Azthengar, a name that lingers in the shadows of old, forgotten websites where games were once given freely to the world. Some were cracked, others were stored on floppy disks, passed quietly from one computer to another. Then, with the slow hand of time, they began to disappear. Sites that once lived on webrings or early game archives faded away, their URLs long since forgotten. I remember stumbling across a link years ago with a short blurb that read something like: a forgotten CRPG, programmed by a team of one. At the time, many people were learning programming through BASIC, and countless experiments were taking place across the entire realm of home computers.
Of course, I don’t know how many games from that era were created, or how many have been completely lost to the ages.
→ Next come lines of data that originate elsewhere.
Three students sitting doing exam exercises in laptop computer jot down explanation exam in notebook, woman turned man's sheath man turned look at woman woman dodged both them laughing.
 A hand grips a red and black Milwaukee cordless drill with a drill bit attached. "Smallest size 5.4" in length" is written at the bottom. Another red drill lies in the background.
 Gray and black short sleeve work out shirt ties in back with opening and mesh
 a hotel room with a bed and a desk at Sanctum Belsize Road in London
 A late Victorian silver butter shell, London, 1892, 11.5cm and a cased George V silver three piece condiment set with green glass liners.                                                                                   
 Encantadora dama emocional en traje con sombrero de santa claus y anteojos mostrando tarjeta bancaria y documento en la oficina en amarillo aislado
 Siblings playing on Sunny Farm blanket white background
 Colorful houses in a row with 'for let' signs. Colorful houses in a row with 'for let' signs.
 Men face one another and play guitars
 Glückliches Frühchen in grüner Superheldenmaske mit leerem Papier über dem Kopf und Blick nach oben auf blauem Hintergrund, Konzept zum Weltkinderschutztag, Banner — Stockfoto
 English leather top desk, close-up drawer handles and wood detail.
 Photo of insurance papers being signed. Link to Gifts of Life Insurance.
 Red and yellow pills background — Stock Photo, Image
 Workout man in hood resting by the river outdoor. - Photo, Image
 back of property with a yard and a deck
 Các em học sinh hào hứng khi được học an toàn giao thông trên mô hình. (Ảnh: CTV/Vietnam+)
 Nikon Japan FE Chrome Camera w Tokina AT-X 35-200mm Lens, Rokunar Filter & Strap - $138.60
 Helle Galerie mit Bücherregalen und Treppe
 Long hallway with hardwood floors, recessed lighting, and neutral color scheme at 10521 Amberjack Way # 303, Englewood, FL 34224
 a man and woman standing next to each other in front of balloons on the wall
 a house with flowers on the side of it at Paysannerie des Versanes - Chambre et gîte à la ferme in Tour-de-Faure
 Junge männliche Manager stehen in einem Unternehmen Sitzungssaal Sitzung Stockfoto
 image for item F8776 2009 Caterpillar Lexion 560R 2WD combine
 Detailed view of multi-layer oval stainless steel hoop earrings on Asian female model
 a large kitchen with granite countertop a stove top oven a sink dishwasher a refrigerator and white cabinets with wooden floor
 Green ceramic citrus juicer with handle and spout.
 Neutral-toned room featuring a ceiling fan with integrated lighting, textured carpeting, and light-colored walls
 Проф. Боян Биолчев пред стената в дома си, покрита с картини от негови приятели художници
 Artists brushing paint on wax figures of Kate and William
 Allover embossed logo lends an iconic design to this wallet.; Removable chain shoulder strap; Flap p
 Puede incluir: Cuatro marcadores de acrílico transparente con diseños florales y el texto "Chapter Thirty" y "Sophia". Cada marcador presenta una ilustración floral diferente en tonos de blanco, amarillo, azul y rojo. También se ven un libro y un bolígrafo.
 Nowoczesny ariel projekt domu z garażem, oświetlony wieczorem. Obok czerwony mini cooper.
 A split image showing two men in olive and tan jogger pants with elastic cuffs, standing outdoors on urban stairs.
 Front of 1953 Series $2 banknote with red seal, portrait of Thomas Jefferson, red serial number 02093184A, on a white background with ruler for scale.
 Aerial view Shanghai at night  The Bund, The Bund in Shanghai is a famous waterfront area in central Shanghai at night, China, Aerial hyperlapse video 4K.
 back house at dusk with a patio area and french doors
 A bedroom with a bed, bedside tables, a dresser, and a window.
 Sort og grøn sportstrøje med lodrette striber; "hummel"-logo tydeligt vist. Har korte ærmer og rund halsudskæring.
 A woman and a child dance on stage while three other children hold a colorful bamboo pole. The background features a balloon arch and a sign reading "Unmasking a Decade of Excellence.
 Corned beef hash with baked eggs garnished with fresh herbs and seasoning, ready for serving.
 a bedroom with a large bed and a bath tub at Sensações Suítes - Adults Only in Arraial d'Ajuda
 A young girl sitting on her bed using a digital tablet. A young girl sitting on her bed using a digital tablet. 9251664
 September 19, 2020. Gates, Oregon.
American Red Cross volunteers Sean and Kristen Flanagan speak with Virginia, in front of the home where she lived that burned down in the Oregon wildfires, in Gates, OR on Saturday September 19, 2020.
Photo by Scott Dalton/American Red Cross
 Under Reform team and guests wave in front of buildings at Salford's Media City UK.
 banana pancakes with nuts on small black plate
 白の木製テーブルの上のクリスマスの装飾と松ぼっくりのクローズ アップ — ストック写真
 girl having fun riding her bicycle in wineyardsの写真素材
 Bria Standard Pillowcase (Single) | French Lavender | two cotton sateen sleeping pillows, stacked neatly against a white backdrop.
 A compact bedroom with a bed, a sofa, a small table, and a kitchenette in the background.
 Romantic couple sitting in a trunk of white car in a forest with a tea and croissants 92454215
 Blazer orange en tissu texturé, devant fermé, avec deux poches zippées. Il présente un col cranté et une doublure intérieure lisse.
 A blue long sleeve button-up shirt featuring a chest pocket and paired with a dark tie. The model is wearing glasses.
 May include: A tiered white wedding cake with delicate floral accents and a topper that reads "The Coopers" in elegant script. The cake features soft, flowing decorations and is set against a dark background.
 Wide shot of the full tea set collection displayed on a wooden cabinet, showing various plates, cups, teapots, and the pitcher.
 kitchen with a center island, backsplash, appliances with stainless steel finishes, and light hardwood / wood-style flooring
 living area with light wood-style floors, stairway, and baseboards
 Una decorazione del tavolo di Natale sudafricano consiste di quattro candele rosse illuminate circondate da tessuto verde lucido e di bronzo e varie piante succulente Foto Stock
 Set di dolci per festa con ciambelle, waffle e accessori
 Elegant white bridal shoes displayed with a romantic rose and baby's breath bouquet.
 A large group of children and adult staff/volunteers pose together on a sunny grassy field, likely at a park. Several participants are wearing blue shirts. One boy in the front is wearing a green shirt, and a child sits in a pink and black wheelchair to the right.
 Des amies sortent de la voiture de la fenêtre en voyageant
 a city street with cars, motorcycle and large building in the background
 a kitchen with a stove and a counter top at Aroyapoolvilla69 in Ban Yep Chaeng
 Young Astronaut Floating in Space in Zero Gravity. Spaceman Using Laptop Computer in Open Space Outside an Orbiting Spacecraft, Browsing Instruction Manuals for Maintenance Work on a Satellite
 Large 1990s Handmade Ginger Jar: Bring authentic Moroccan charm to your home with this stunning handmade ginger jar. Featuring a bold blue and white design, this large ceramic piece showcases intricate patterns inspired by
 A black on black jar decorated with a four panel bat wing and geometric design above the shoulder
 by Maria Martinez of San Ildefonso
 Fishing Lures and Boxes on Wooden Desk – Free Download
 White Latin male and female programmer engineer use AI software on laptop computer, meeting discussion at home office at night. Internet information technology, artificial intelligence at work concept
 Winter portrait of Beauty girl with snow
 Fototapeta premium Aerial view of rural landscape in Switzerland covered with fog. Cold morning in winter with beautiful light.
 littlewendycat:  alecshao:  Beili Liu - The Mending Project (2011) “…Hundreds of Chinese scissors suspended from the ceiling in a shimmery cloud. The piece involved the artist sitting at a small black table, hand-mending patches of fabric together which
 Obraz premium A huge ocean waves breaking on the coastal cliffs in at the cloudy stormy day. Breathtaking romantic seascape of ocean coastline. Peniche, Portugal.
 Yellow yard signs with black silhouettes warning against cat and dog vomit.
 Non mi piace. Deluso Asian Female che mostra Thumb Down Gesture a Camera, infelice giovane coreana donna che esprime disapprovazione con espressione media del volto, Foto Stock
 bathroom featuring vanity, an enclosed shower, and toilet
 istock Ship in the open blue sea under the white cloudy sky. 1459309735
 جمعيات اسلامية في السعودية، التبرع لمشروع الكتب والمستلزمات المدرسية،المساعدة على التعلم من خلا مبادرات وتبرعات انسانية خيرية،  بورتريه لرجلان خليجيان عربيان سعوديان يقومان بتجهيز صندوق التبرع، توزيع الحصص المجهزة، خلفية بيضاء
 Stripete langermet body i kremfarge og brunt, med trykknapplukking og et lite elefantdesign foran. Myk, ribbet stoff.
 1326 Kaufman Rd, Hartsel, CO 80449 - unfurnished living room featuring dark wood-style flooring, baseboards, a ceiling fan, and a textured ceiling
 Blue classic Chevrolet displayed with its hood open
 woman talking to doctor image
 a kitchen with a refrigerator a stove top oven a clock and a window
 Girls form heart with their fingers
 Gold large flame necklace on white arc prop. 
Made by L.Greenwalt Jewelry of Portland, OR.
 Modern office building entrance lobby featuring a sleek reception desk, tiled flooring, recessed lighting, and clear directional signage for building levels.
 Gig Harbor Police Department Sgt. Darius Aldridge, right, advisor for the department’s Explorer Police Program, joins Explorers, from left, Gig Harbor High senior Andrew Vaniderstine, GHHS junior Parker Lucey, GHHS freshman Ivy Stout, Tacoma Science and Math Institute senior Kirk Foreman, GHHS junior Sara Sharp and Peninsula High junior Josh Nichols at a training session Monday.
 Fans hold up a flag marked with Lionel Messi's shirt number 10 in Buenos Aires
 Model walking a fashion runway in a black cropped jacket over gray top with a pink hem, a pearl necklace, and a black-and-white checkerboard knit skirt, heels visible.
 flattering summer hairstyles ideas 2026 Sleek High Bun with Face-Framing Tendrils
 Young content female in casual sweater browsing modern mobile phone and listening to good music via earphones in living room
This weekend has been a time for rest and enjoyment. I spent time with my family, my wife, the cat, and even worked a little on some other projects I have going. But while I’ve been out here enjoying the spring weather, I’ve found myself thinking more and more about it. This was the era of Ultima, and those early games in that series really captured my imagination.
When the series later shifted into more of a sci-fi direction, that’s when I checked out. Don’t get me wrong, I love early CRPGs, but this is one game that I feel a real bond with. There are only a handful of games in the world that truly stay with you, and this is one of them. In it, you play a nameless knight who must collect the five pieces of the Sun in order to rid the land of evil and save the kingdom from the wicked Serpent King. It feels like the kind of project that should have stood the test of time, yet somehow it never truly caught on, lost in a sea of corporate gaming on systems that, at the time, were far more appealing to the wider gaming audience.
I’ve heard the story of the lone programmer who wrote it on an old computer, hoping to make something great, only to disappear from the scene entirely. After doing a little digging, I discovered that they supposedly turned their back on their life and simply vanished. Where they went, no one really knows. My guess is that they suffered some sort of breakdown and chose to start over somewhere else, perhaps becoming a teacher, or maybe working quietly in a computer shop that has long since closed its doors. I can’t find a word about the game in print, or even in the Wayback Machine. But what excites me now is the possibility of bringing it back. The code was found on a set of five-and-a-quarter-inch floppy disks in an abandoned storage locker in Moose Jaw, Saskatchewan, and had those disks sat there another year or two, the game might have been lost forever. This is a discovery that will take time to uncover and preserve, and as this journey begins, I want to thank all of you for coming along for the ride.